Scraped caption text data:
● ● ● ●
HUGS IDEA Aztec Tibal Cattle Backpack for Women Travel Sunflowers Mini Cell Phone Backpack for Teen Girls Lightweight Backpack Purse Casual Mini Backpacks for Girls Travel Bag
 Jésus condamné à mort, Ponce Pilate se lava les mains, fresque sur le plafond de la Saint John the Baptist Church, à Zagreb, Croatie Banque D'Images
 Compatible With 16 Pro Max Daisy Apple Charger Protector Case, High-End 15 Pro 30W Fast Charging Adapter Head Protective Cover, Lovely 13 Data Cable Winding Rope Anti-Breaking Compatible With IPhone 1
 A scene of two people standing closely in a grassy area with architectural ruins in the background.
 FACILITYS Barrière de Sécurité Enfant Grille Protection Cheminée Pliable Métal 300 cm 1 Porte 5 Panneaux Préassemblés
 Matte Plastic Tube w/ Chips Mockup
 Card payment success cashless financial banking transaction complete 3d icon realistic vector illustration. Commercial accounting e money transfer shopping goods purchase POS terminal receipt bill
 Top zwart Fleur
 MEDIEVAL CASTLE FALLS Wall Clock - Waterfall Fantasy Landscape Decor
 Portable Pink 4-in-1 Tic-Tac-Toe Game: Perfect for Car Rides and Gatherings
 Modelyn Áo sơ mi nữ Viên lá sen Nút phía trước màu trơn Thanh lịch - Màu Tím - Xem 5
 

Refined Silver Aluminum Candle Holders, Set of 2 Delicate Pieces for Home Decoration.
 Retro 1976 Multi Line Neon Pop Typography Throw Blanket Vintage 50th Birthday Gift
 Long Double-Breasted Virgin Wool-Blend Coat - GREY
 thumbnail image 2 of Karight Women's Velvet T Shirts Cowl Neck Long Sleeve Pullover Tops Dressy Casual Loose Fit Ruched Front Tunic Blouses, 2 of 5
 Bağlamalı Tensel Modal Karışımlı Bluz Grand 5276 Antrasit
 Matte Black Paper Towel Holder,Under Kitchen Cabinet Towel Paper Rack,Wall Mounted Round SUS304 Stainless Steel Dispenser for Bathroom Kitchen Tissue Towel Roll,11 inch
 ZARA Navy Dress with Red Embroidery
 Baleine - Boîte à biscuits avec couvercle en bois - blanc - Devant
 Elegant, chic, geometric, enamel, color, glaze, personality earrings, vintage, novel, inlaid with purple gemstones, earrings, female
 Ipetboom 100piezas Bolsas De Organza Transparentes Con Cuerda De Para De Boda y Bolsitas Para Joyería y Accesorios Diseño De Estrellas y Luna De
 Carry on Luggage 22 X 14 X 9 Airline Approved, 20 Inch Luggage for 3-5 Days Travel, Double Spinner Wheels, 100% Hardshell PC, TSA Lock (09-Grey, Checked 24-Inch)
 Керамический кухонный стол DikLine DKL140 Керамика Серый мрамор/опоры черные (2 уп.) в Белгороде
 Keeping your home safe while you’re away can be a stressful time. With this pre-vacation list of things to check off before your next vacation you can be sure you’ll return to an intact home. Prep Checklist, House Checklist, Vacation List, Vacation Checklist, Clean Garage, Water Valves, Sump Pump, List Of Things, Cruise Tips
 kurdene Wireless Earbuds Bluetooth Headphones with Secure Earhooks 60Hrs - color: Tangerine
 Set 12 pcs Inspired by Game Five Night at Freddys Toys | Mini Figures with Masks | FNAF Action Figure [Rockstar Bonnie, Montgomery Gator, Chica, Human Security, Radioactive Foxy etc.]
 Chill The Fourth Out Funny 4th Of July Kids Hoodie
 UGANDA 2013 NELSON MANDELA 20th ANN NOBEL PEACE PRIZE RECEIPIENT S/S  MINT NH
● ● ● ●
Return, from the data, each line where the string "Travel" occurs.

HUGS IDEA Aztec Tibal Cattle Backpack for Women Travel Sunflowers Mini Cell Phone Backpack for Teen Girls Lightweight Backpack Purse Casual Mini Backpacks for Girls Travel Bag
 Carry on Luggage 22 X 14 X 9 Airline Approved, 20 Inch Luggage for 3-5 Days Travel, Double Spinner Wheels, 100% Hardshell PC, TSA Lock (09-Grey, Checked 24-Inch)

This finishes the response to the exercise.